KL

My first “C” was in Creative Writing.

Y’all, I have never felt so dumb. And I’m borderline genius; my mom had me tested. The professor was this short, crack-thin, wispy old lady who looked like she bought her goth-black hair dye at “the” Wal-Mart. She told me, in no uncertain terms, that I had no imagination, couldn’t string a sentence together creatively if my life depended on it, and the only way I’d ever be a writer was if I tripped out on LSD and contemplated jumping while hanging out the window. Can you believe my parents paid for her to say that to me? For full disclosure’s sake, I did hear her say it to someone else, so I wasn’t the only one.

We wrote short stories. All. Semester. Long. Short stories with weird prompts; like “He was hanging out the window, high on LSD.” JK. But really. I felt like an idiot. All. Semester. Long. I can’t tell you what I wrote, other than it was drivel, and tripe, and derivative. Her words, not mine.
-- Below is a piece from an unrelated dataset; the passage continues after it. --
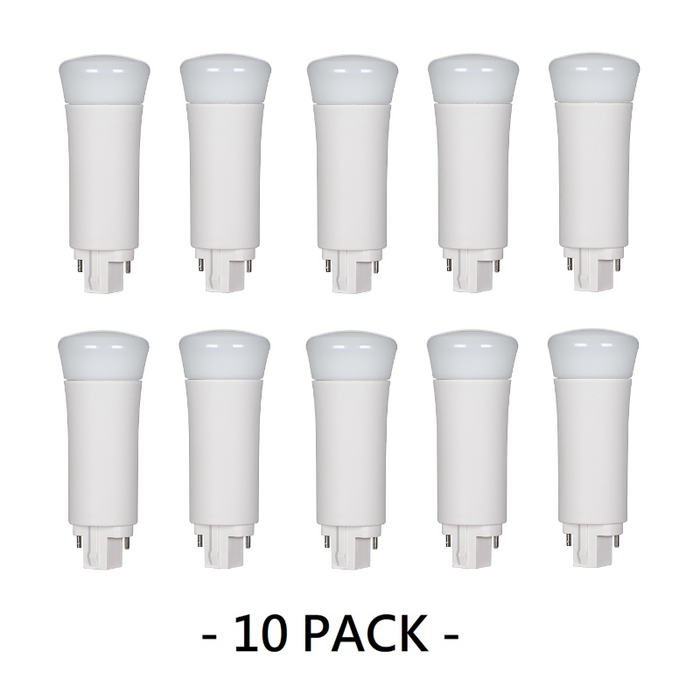 Satco S9864 9W PL 2-Pin LED Vertical Bulb, 4000K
So, imagine my consternation when less than two years later I started hearing voices. The kind I needed to write down. I was sure, the day I wrote that first chapter while pretending to study for the LSAT, that someone had slipped LSD in my iced tea.
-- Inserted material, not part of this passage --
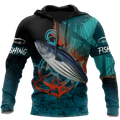Saltwater Fishing on the helm 3D all over shirts for men and women TR030301 - Amaze Style™-Apparel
The chapter turned into a book. The book turned into a series. I discovered two reason why I received the grade that almost took away a few of my scholarships. I am not a writer of short stories. For the love, I can’t stop. I want the people I write about to live for.ev.er. And ever. And I still write drivel. But it is damn good drivel. Everybody needs a little drivel in their life. My life’s goal is for my sentences to be on t-shirts. Worthy, I know.

She’s probably dead now (although I swear she was at the forefront of the vampire facial everyone’s talking about and probably shoots up with embalming fluid), but if I saw her, on the street or in the Wal-Mart, in her all black clothing, unnecessary black-frame hipster glasses, and orange lipstick bleeding off her wrinkling lips; I might tell her thank you for helping me figure out what I was not. Or I might stick my tongue out and say, “bless your heart.” We all know what that means.